• **Exercise description**:
Write out exactly, and only, the lines below from the line with "Darkpark Womens Shirt" through the line with "HC Dynamo Pardubice."; pictures do not belong in the copy.

• **Records for this exercise**:
-=-=-
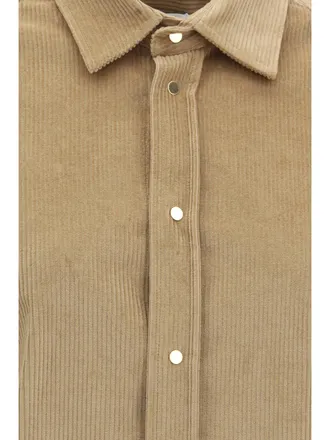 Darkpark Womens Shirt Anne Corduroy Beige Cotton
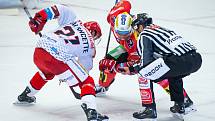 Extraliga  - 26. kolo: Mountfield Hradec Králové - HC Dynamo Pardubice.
-=-=-
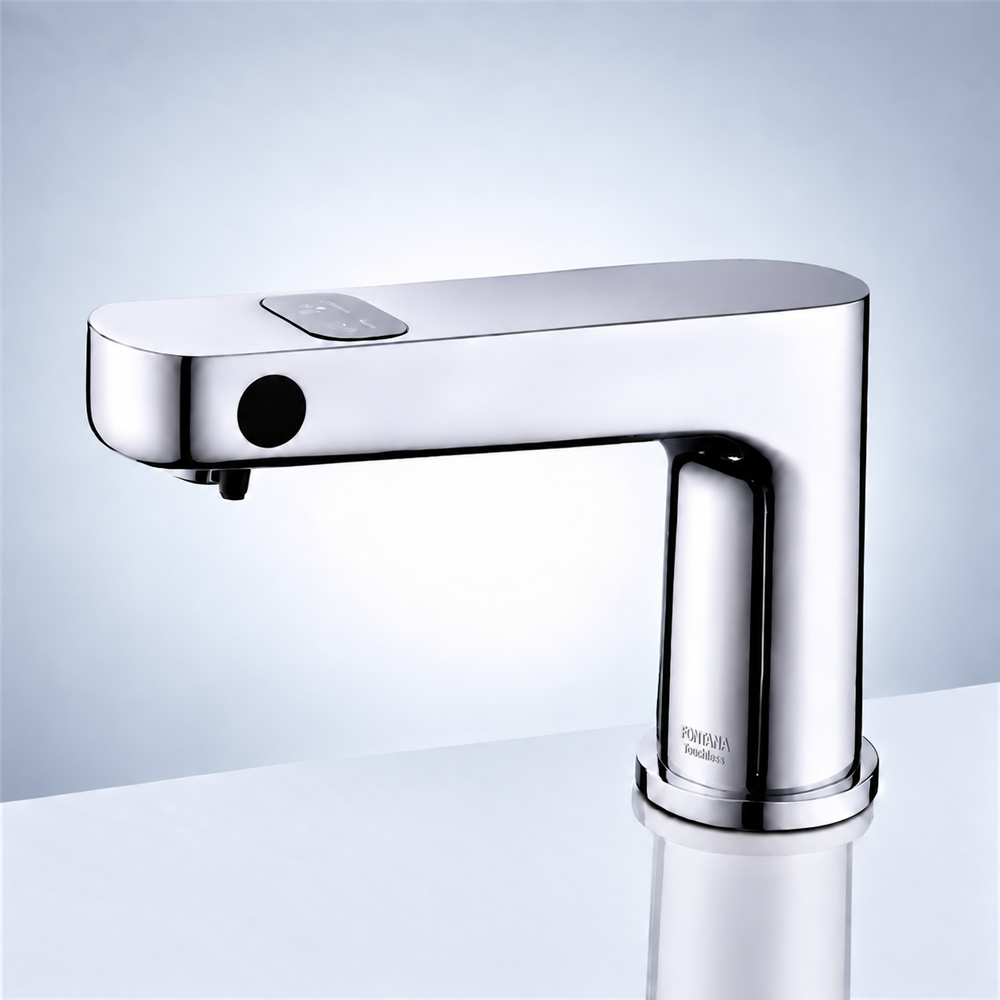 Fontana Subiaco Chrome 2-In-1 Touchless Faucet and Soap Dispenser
-=-=-
• **Solution below**:
 Darkpark Womens Shirt Anne Corduroy Beige Cotton
 Extraliga  - 26. kolo: Mountfield Hradec Králové - HC Dynamo Pardubice.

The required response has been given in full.